Granted. But is it any wonder that both Mathison and Bryan flubbed their steps tonight? Mel B., who returned last week from England, where she was in rehearsals for her Spice Girls reunion tour, may have gotten a perfect score tonight in part because her pro partner, Maksim Chmerkovskiy, put on the brakes. "I go into panic mode and I want to practice, practice, practice," says Brown. "But Max is really good. He'll say, ‘No, you've got it.'"

As for Marie Osmond, nothing but a real bull let loose on the dance floor could have stopped her from making her comeback performance. "Jonathan [Roberts, her pro partner] and I were laughing that we got the paso doble," she says, which is the dance of the bullfighter. "I mean, how funny is that? And we did all the standard moves where she's the cape and gets thrown on the floor."

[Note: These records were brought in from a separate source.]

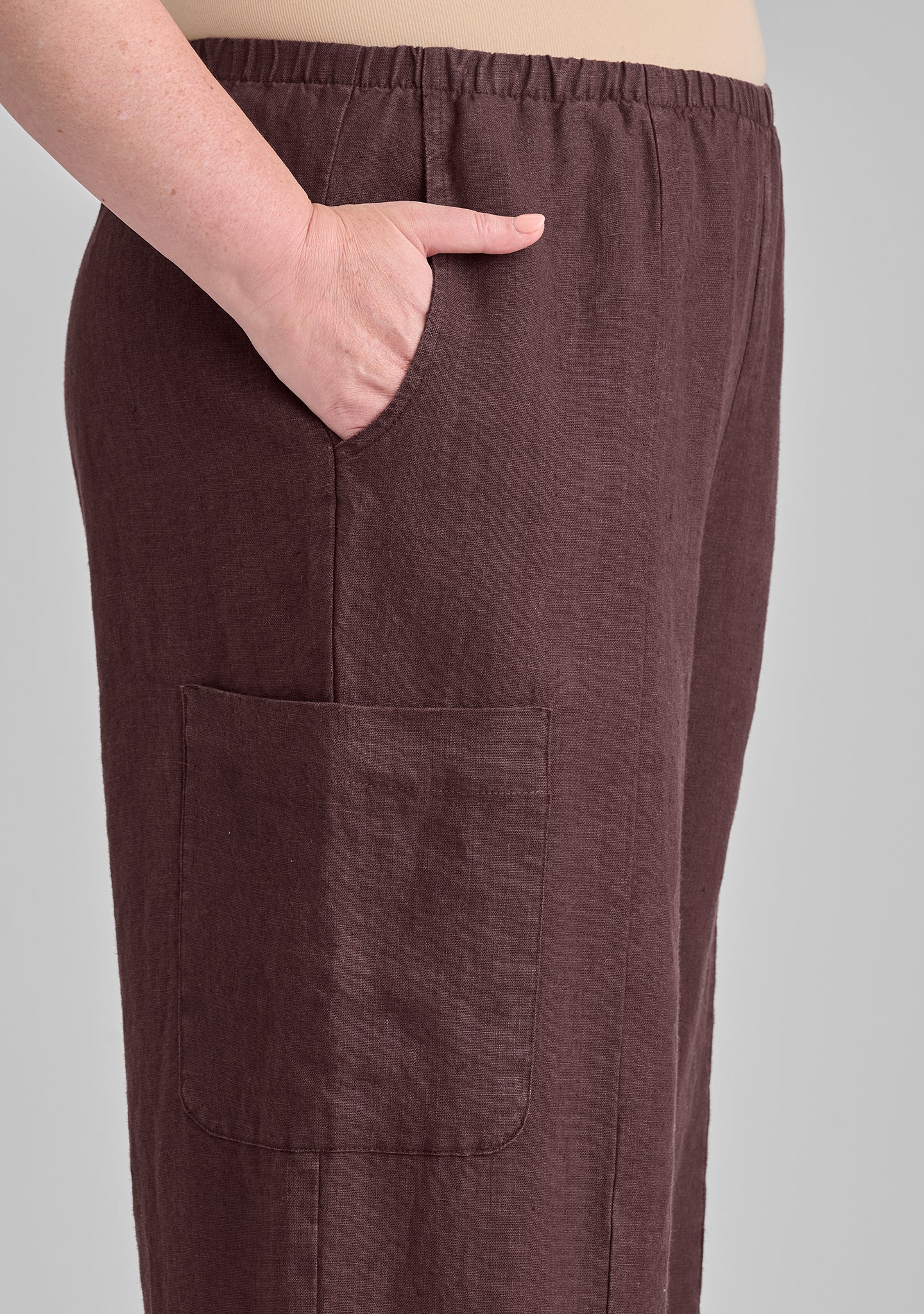 modern flood linen pants with elastic waist details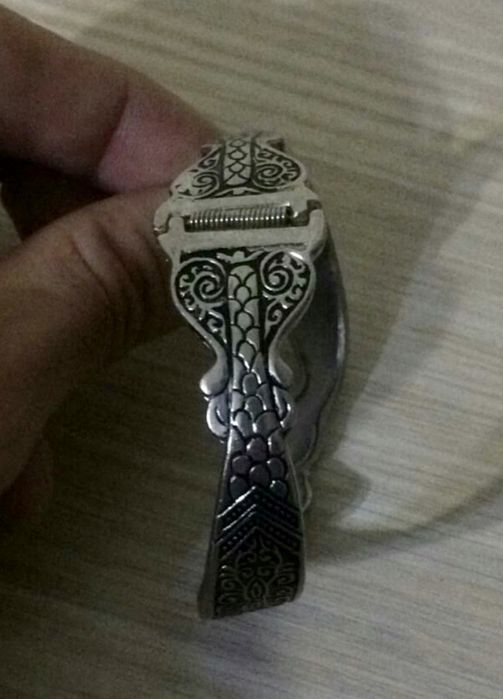 Bratara metalica veche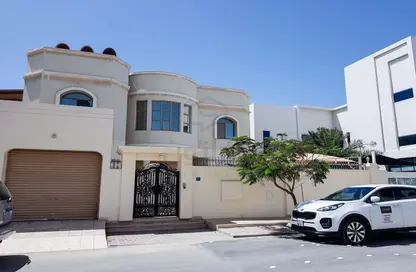 Outdoor House image for: Villa - 5 Bedrooms - 5 Bathrooms for rent in Galali - Muharraq Governorate, Image 1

Osmond says that there was only one other time when she passed out during a live performance, but the audience never knew it. "I was on QVC with my dolls," she says. "And I guess I just fell out of my chair." Did the shock of collapsing last week make her want to pull back or pull out of the competition altogether? "Absolutely not," she says. "I actually feel great. It was just the air quality because of the fires. What did they do, evacuate a million people? I remember that when I flew back into L.A. [she had gone to New York to perform in Niagara Falls with her brothers], I started choking."

Osmond says what really worried her was the reaction of her children watching from home in Utah. "After it happened, I hurried and called home because I knew my little ones would be worried," says Osmond. "And I said, ‘Mommy's fine.'"

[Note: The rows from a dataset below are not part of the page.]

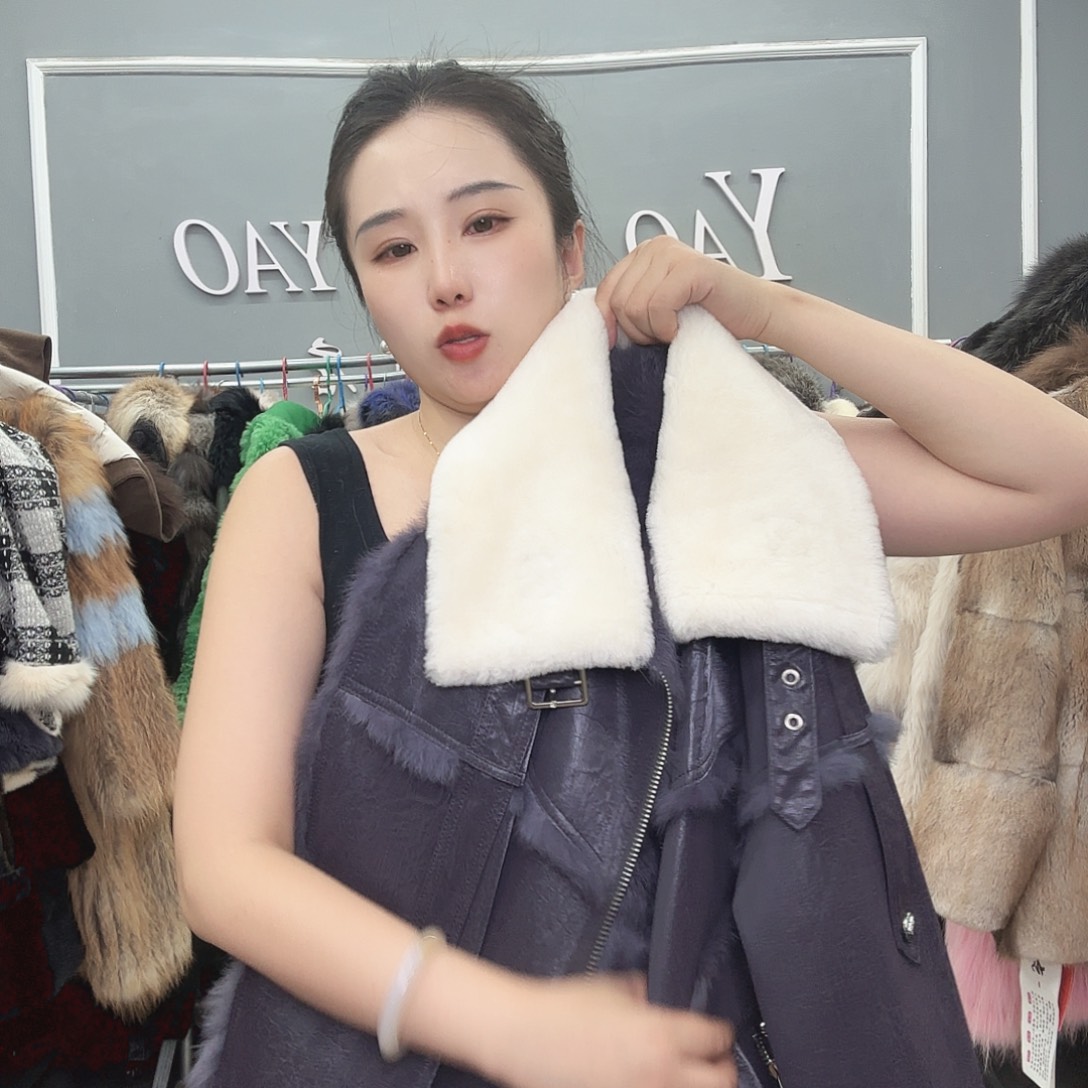 姚小妖家高端皮草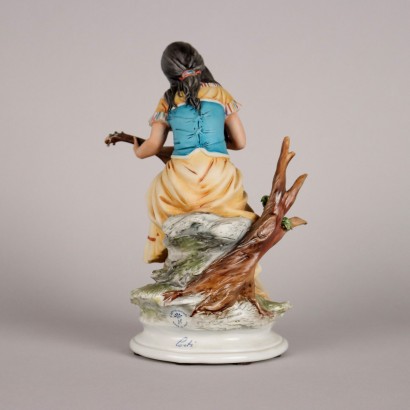 Giovane Donna con Mandolino Corti Capodi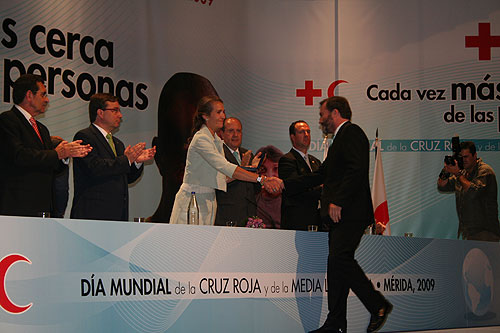 Ricardo Martínez recibe la Medalla de Oro de la Cruz Roja Ricardo Martínez recibe la Medalla de Oro de la Cruz Roja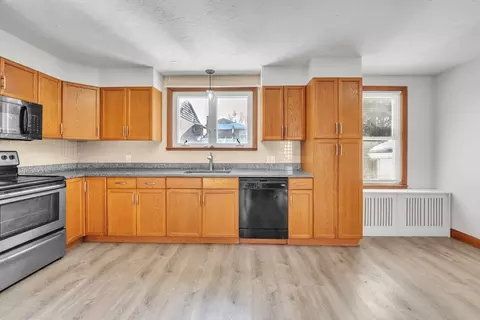 115 Orient St, Worcester, MA 01604 photo 16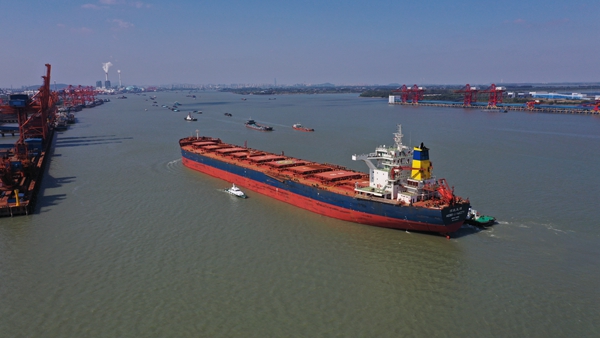 開普型船舶停靠鎮(zhèn)江港。鎮(zhèn)江海事局供圖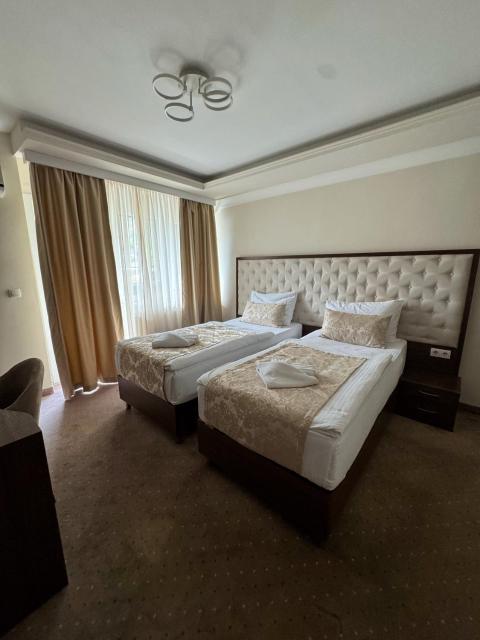 Hotel Turist 98
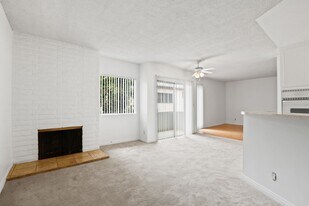 3735 Mentone Ave in Los Angeles, CA - Building Photo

Osmond's partner agrees. "When Marie and I first started together," says Roberts, "we'd do three steps and she'd be gasping for breath. But now, we can do the entire routine and she's hardly breathing any harder than I am, so she's in much, much better shape."

But Osmond admits that she has to be careful from now on — her allergies can easily get the better of her. "Even with my dolls, I can't sculpt them because of the dust and the particles," she says. "When you sculpt and it dries, you sand it. And you wear a mask. But even with the mask, I can't do the sanding because I literally can't breathe."

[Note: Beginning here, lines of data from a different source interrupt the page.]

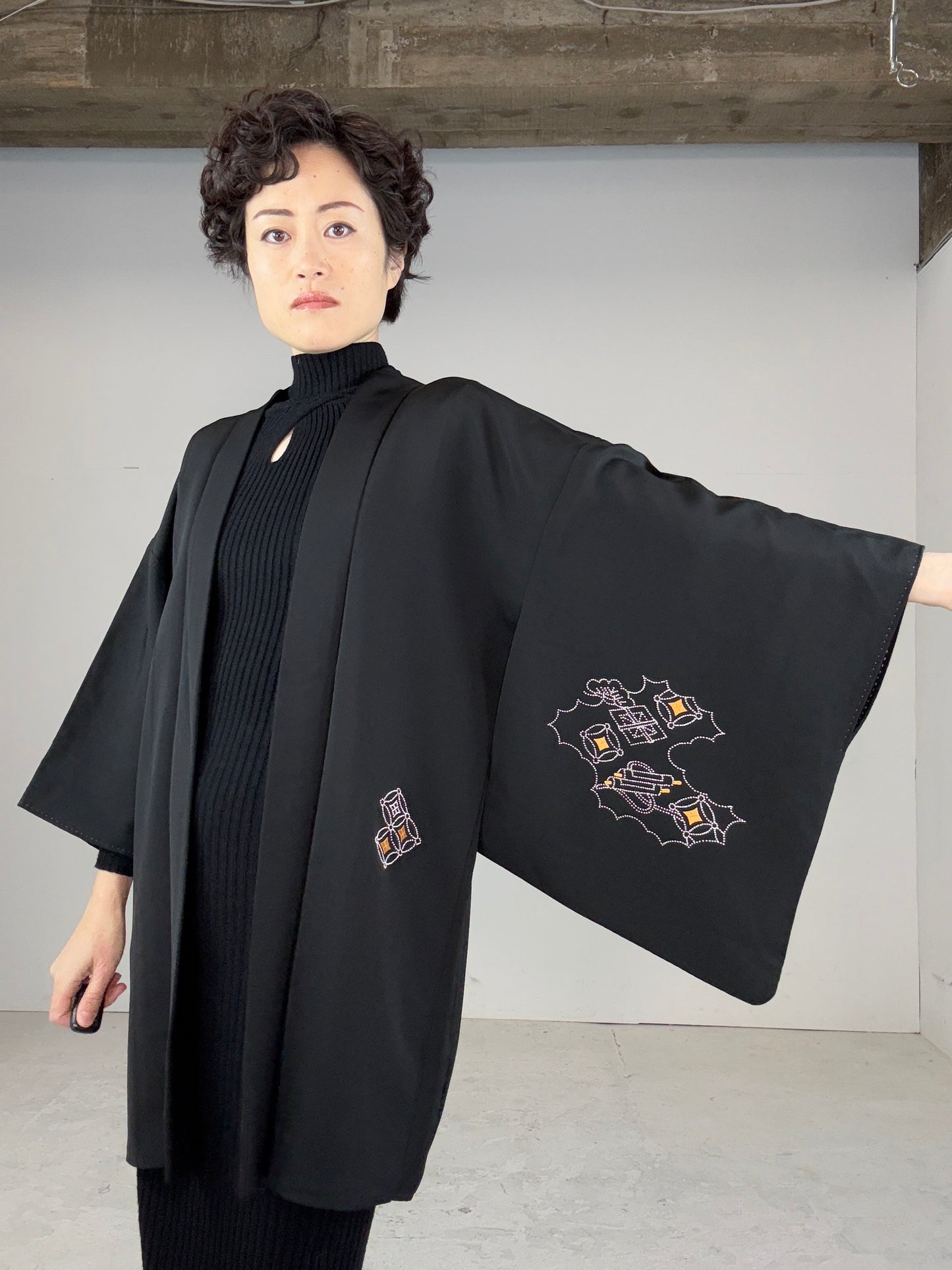 VINTAGE BLACK HAORI "embroidery,  shippou"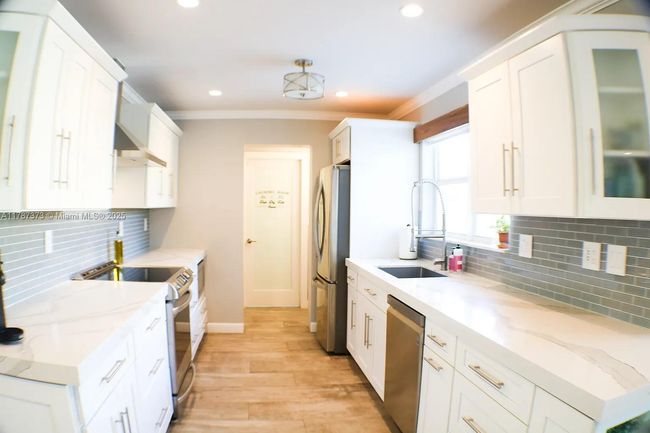 1614 Se 10 Th Ave, House other with 3 bedrooms, 2 bathrooms and null parking in Deerfield Beach FL | Image 7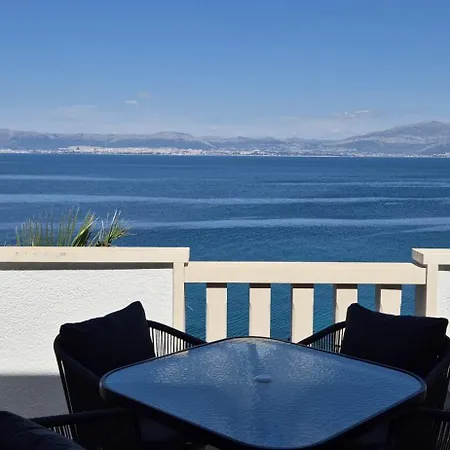 Bruno 1&2 - Two-room Penthouse - Wonderful Panoramic View Of The Sea - The Location, First Row To The - 10 Minutes From Supetar Ferry Port - Free Secured Parking - Facilities Nearby Apartment *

As for Seymour, she's had the wind knocked out of her. "I don't have the doll thing going," she says, referring to Osmond's fans. "And some dancers [like Mel B.] can come out here and just walk around. You get higher scores in this competition if you just walk around. Or you go up to the judges and you go pat, pat, on the cheek and you get ‘10s' for that."

What really disappoints her is that sinking feeling that she won't make it to next week, when they're set to dance to a tune by Johnny Cash. "June [Carter Cash] was my closest friend," says Seymour. "They asked us [she and her husband, director James Keach] to make the movie Walk the Line. They're the godparents to my children. And for us, emotionally, it would mean a huge amount to come back and be able to do that."

The irony is that Seymour isn't working two jobs. But it's still taking a toll because she's putting everything she has into this one. "I've never met anyone who loves dancing as much as Jane," says Dovolani. "But it's hard to come back from them slamming us."